A countdown clock for the Paris 2024 Olympic Games in front of the Eiffel Tower. GETTY IMAGES

With 100 days to go until the opening of the Olympic Games in Paris, the facilities are ready and the main concern is security, especially for the opening ceremony on the Seine, which is a major challenge.

The Olympic flame was lit in Olympia on Tuesday and will travel through Greece before arriving in Marseille on 8 May, where it will begin its journey across France to the Olympic opening ceremony on 26 July, even visiting the French Antilles or French Polynesia.

An opening that raises doubts

The ambition to hold a historic opening ceremony, for the first time outside of a stadium and in such a symbolic location as the River Seine, has become a headache because of the security measure required.

On Monday, French President Emmanuel Macron reaffirmed the intention to go ahead with the original idea, but also fuelled speculation by suggesting that there are "plans B and C" in the event of a major threat"

This is the first time that the hypothesis that the event took place inside the Stade de France in Saint-Denis (north of Paris), which had previously been ruled out by the authorities, has been admitted. The international context adds more tension: the conflict between Russia and Ukraine continues, while the situation in the Middle East has worsened with Iran's recent attack on Israel.

In France, the Vigipirate Plan was recently put on "attack emergency" following a terrorist attack in Moscow on 22 March claimed by the Islamic State-K. "The context is clearly tense," a security source confirmed to AFP.

However, Sports Minister Amélie Oudéa-Castera said no specific threats to the Games had been identified.

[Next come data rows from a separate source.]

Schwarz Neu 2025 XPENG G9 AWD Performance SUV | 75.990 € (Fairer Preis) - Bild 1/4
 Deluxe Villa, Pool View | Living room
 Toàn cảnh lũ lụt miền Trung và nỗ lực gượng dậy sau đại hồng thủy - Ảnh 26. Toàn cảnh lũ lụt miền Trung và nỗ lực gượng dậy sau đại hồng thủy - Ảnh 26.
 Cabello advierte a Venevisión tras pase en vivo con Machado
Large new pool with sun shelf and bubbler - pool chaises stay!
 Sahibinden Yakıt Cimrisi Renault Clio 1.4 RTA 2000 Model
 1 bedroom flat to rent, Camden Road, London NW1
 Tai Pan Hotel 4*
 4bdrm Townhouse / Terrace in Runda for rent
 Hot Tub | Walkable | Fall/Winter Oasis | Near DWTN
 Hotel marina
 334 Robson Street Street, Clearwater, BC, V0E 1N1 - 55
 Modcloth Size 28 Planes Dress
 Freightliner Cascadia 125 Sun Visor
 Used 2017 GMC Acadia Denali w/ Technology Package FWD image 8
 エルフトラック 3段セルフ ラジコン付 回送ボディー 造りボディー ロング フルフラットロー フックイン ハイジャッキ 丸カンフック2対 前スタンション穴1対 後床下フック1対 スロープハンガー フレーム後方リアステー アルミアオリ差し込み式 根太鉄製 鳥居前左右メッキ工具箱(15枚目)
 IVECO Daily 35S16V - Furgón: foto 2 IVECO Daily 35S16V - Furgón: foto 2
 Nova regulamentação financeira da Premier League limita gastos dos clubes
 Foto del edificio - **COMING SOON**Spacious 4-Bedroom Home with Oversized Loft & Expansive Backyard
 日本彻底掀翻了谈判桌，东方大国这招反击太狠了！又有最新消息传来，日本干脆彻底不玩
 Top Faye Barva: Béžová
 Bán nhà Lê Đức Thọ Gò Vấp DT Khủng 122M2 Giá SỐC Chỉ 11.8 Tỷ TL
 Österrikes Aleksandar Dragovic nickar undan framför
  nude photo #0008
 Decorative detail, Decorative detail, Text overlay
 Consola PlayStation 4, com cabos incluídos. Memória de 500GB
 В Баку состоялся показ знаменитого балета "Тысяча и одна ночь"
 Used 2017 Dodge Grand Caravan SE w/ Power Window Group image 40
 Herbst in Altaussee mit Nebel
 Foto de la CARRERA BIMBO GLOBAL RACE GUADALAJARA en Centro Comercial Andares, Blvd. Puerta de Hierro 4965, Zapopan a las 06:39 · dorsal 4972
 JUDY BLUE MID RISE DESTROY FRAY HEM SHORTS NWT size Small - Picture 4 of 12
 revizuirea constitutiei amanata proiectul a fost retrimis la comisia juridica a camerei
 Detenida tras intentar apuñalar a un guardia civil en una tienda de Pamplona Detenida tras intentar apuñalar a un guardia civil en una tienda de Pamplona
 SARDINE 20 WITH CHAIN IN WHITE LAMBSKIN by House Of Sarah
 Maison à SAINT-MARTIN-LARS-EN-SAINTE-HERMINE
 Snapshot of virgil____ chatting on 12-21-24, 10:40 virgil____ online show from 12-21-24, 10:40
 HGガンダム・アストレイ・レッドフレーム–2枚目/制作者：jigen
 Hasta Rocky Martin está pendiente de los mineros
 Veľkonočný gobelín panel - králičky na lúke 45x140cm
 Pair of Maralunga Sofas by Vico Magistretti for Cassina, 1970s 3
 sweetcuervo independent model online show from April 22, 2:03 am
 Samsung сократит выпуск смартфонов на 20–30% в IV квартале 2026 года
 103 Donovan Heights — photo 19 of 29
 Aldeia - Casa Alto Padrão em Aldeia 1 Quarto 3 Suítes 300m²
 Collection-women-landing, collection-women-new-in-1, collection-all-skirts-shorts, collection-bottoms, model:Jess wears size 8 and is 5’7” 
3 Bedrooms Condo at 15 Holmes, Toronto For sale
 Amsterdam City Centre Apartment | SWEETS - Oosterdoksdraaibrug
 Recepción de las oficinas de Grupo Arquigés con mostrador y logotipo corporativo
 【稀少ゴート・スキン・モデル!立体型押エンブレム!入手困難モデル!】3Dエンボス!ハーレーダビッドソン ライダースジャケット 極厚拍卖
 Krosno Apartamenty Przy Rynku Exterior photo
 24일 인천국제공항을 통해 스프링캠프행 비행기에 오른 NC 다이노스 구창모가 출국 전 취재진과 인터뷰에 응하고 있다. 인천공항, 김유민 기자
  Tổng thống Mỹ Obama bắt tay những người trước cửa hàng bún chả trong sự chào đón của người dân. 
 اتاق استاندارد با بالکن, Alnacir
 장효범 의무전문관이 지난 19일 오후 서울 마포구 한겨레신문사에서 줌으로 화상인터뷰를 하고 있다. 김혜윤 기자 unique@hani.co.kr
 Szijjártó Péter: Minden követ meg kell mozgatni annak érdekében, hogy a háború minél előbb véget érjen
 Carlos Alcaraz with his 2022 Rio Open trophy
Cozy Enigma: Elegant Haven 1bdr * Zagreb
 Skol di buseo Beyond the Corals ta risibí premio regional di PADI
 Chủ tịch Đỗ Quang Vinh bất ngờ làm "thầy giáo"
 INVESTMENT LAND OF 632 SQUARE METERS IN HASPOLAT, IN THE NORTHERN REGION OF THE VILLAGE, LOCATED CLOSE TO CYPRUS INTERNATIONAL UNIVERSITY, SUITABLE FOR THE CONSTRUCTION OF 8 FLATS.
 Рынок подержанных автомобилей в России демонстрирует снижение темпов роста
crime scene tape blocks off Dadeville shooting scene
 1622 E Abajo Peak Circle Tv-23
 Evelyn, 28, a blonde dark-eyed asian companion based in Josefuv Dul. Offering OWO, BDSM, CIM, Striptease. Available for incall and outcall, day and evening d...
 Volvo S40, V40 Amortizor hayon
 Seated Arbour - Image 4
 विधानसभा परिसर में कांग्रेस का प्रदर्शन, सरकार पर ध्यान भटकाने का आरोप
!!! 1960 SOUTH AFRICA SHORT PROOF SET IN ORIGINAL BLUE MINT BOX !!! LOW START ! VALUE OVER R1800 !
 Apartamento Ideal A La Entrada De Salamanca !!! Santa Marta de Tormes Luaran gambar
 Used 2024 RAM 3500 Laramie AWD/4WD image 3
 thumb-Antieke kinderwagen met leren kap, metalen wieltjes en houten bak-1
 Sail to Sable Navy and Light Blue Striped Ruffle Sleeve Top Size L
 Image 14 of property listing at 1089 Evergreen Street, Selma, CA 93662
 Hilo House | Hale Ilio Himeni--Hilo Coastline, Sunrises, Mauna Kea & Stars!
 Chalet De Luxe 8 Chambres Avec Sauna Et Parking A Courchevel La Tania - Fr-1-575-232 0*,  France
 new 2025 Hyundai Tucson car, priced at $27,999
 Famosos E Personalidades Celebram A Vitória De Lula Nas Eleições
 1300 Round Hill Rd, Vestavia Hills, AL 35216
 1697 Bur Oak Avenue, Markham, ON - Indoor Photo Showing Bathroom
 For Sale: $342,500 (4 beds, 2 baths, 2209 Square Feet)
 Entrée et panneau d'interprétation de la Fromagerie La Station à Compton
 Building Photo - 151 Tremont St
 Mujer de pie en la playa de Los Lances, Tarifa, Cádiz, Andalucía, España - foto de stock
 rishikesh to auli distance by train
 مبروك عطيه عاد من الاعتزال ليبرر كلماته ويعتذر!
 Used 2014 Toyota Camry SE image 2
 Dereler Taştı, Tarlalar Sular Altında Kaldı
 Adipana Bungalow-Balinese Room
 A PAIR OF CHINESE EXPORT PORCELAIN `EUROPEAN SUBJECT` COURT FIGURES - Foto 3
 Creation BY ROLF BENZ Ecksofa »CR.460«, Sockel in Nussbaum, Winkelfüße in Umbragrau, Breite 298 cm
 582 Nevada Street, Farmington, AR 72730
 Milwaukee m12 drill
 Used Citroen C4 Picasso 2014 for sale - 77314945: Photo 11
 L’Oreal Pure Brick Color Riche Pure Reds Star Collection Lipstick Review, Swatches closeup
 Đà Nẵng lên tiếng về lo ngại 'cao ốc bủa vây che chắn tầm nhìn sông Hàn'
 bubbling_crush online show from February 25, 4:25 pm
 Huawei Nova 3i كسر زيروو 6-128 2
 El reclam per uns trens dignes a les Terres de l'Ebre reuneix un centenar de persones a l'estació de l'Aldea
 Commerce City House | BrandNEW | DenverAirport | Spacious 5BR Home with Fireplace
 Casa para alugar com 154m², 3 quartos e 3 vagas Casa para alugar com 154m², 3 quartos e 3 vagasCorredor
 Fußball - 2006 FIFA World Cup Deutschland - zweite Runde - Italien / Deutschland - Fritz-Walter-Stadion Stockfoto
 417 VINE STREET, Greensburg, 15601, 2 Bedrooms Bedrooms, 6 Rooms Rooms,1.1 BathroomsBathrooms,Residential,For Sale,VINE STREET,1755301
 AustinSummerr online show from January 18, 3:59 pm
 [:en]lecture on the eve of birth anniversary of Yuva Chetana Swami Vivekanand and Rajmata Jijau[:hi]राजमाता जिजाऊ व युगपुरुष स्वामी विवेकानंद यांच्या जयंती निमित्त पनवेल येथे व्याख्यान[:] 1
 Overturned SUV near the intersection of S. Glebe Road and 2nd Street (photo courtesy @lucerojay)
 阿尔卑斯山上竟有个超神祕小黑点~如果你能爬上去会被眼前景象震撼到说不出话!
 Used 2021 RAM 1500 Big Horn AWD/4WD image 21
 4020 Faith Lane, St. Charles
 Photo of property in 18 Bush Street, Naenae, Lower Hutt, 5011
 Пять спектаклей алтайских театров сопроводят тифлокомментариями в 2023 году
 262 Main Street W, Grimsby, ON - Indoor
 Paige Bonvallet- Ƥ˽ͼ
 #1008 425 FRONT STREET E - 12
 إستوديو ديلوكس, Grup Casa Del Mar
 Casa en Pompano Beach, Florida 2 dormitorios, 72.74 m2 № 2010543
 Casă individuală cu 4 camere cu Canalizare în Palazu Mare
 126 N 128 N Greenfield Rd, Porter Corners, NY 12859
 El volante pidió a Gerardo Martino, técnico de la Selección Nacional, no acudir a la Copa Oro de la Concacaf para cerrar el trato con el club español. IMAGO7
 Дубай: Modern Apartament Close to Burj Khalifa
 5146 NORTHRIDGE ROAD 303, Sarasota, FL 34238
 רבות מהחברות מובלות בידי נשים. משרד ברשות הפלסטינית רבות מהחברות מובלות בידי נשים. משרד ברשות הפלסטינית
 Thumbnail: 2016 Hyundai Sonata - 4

According to Tony Estanguet, president of the organising committee, who spoke to RFI on Tuesday, the opening ceremony on the Seine remains the "main plan" and is "very likely" to be the venue for the ceremony.

The transport challenge

Will the transport system be able to cope with the influx of spectators during the OlympicsGames in Paris, despite the efforts of the authorities? The Paris metro shows no significant signs of improvement, and negotiations are underway on compensation for the workers mobilised by the public companies responsible, SNCF (national) and RATP (regional). 

"If things go wrong [during the Olympics], France's image will be damaged," warned Jean Castex, former French prime minister and current head of RATP.

The authorities are also concerned about the threat of strikes by some unions. As for Paris's Roissy and Orly airports, which will be the main entry points for foreign delegations to France, their managers are preparing to receive more than 60,000 accredited people from 18 July, the official opening date of the Olympic Village.

Paris begins to change

The capital began to take on an Olympic atmosphere. The first Olympic facilities, such as the Place de la Concorde and the Champ de Mars, are beginning to appear on the city's urban landscape, creating a buzz of excitement.

Between February and April, the Olympic Village,the Media Village, the Marseille Marina and the Saint-Denis Aquatic Centre were inaugurated. Since 29 February, the organisers have been preparing the 3,000 apartments in the Olympic Village, which will house 14,500 people, including athletes and delegation members. 

The Russian threat remains

While the participation of Russian athletes is still subject to the current situation, they are currently allowed to compete under a neutral flag and under strict conditions. They will not take part in the opening ceremony, as Belarusians are also banned from the parade along the Seine.

The mayor of Paris, Anne Hidalgo,said on a recent trip to Kiev that Russians were 'not welcome' in her city. According to Macron, Russia may try to disrupt the Paris Olympics, an accusation denied by Moscow. Cyber security is another major concern for the authorities.